◆ Problem details
From the entries below, retype only the lines from the one with "this 512×342 image." through the one with "this 729×486 image.", exactly as written.

◆ Supplied material
□ □ □ □ □ □ □
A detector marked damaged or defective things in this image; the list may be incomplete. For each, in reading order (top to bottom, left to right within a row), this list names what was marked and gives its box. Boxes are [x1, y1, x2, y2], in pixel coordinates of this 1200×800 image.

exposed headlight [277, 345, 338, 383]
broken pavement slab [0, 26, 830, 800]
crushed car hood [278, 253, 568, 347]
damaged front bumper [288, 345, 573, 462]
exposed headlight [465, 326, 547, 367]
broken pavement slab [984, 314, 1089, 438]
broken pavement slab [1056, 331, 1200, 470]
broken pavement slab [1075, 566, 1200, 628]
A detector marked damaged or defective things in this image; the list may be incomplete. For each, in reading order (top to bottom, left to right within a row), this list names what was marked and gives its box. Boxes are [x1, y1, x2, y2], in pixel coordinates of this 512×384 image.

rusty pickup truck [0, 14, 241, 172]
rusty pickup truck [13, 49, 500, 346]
□ □ □ □ □ □ □
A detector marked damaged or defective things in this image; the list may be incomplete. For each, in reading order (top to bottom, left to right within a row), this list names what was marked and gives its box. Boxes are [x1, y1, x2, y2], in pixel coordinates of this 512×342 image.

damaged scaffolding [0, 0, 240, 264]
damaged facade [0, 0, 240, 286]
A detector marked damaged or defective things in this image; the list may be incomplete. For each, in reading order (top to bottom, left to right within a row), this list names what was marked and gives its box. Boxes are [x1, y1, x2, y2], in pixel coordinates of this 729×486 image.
□ □ □ □ □ □ □
◆ Result of the exercise
A detector marked damaged or defective things in this image; the list may be incomplete. For each, in reading order (top to bottom, left to right within a row), this list names what was marked and gives its box. Boxes are [x1, y1, x2, y2], in pixel coordinates of this 512×342 image.

damaged scaffolding [0, 0, 240, 264]
damaged facade [0, 0, 240, 286]
A detector marked damaged or defective things in this image; the list may be incomplete. For each, in reading order (top to bottom, left to right within a row), this list names what was marked and gives its box. Boxes are [x1, y1, x2, y2], in pixel coordinates of this 729×486 image.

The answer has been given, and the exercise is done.